- Thu, Oct 11 2007 09:09:18 AM
Doha, Oct 11: EVEN as employers and employees debate the merits of split-shifts, more companies are switching over to straight-shift schedules.
Earlier a straight-shift was prevalent only in government offices and state-owned companies. The multi-national companies who brought along the global work practices seemed to have triggered the change.
Slowly but surely, more private companies also adopted straight-shifts, with no or a short break for lunch.
While the jury is still out on the merits of the practices, many employees find that shift job disrupts their family and personal life and leads to health problems including chronic fatigue and gastrointestinal disorders.
On the other hand, some prefer shift work because it usually allows for more free time.

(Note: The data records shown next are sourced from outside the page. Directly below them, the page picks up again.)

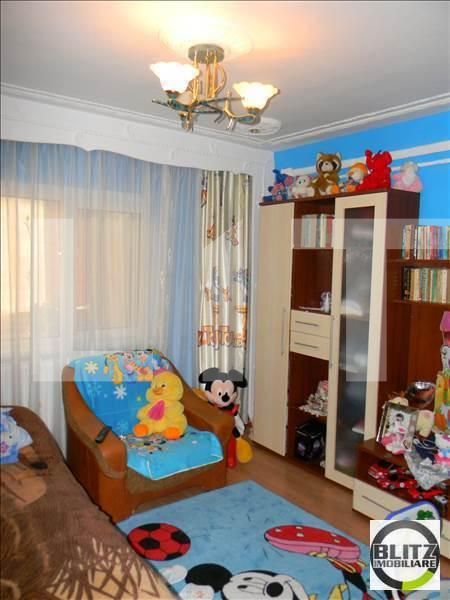 Apartament de vânzare 3 camere Manastur - 11149AV | BLITZ Cluj-Napoca | Poza3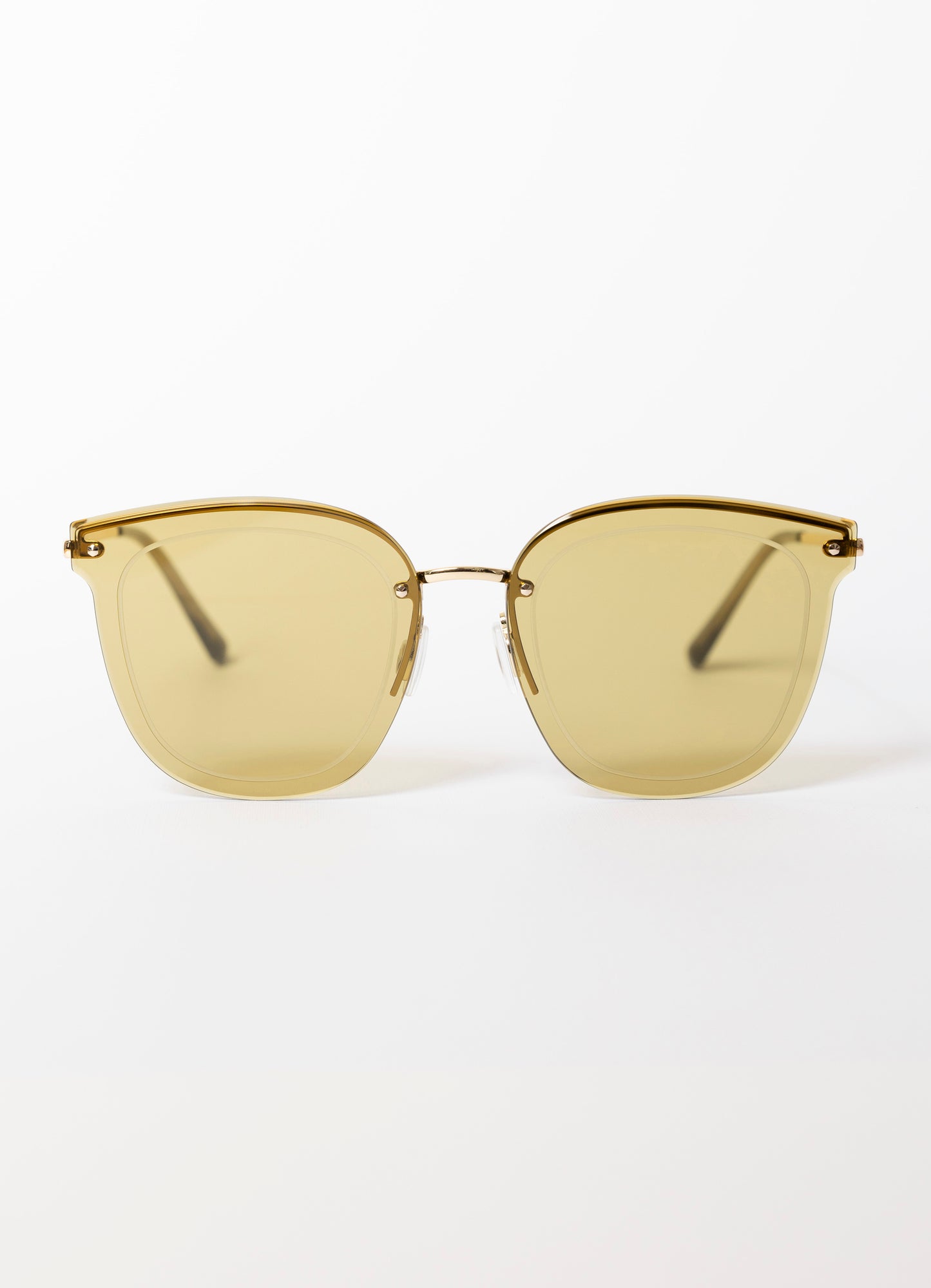 Sunglasses S23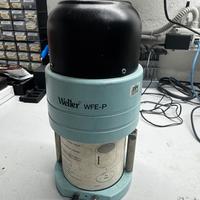 Weller WFE-P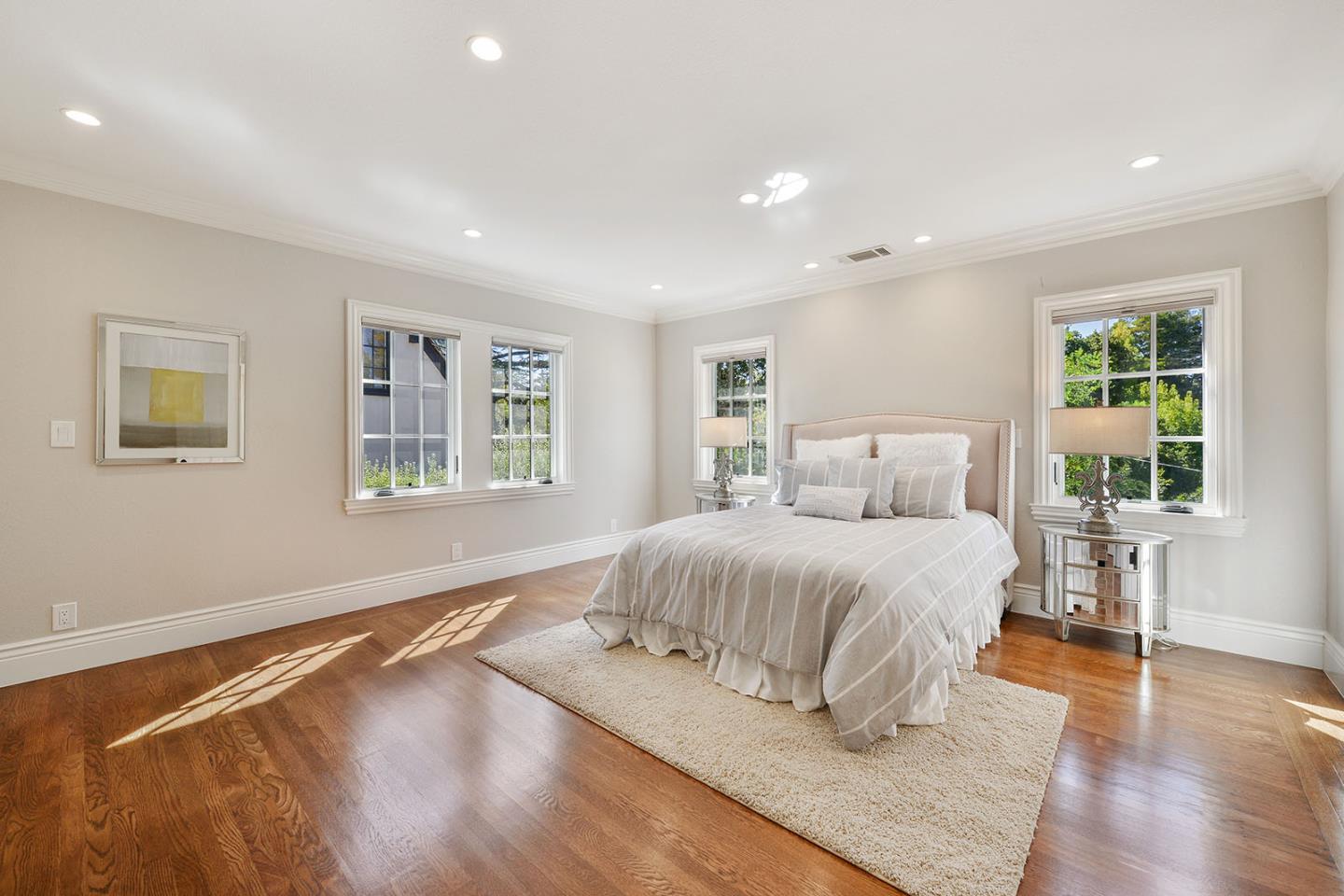 533 Warren Road San Mateo, CA 94402 - Photo 27 of 50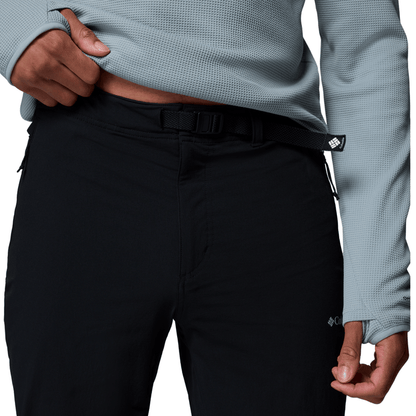 Columbia Essential Hike AY Hiking Pant Men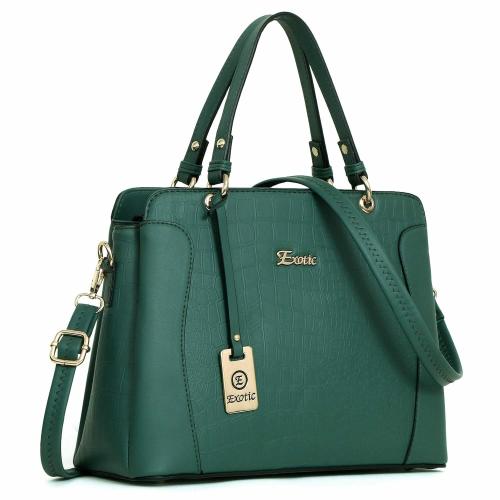 EXOTIC Formal Sling Bag for womens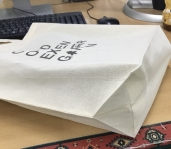 ̿ 2017-03-10 13 51 19 / / /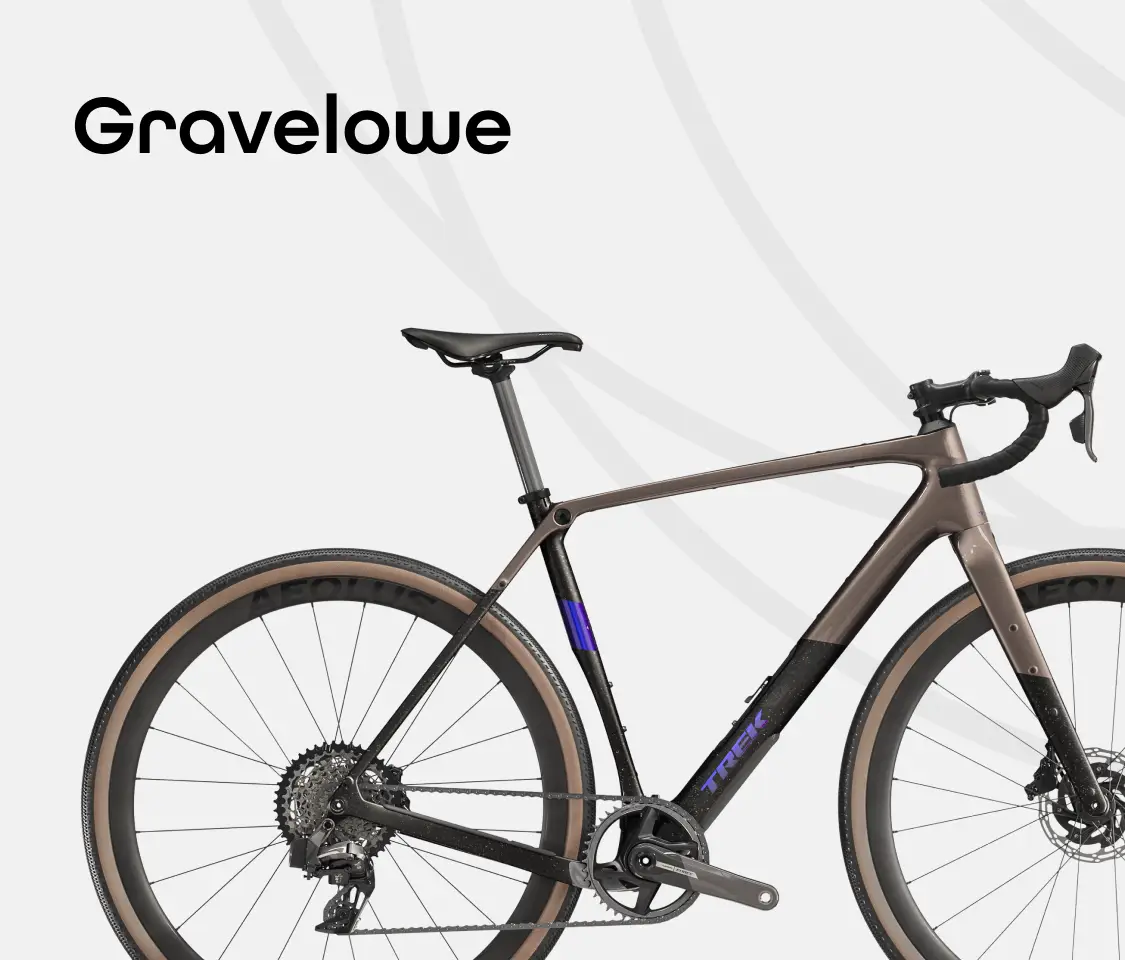 Gravelove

Gulf Times received mixed opinions from the people it spoke to. “The split-shift makes no sense whichever way you look at it,” remarked P K Viswanath, business development manager at Petrotec.
“It is more so now given the traffic situation in Qatar. Split shift takes away valuable time away from the family. Straight-shift makes perfect sense at least for businesses which deal with corporates. With most government entities working only until afternoon, straight shift enables one to do adequate justice to work,” Vish added.
However, Raichal Thomas, a mother of two, who has been moved to a split-shift, said the long mid-day break had its advantages.
Previously, she could reach home by 12.45pm, finish off the cooking, receive the children from school and feed them, before getting back to work. Now, the children have to fend for themselves during lunch time.
Roshan Varma, a computer professional working for a bank, said he any day preferred a straight shift. “Split-shifts require us to sketch a schedule out for everything, be it official or personal. It can be a bit confusing to keep a track always and causes burnout and fatigue. Moreover, it gives us less time to spend with family and friends”.
T Nagarathinam, operations manager at Qatar Technical Inspections Company, sees only advantages in a single shift work. “It will help us in organising the remaining portion of the day in a better way. Also, to go back to work, we have to deal with the extreme weather conditions, road congestion. The split-shift also affects the quality time that we get to spend with the family”.
For Alaa Elebiary, corporate HR manager at Mannai Corporation, it is an endless debate. “Actually, it is the nature of business that dictates which system is more applicable.” According to him, a split-shift would be ideal for some businesses such as retail and travel as well as sales.
On the other hand, support functions or back office jobs could be done efficiently through straight-shifts”.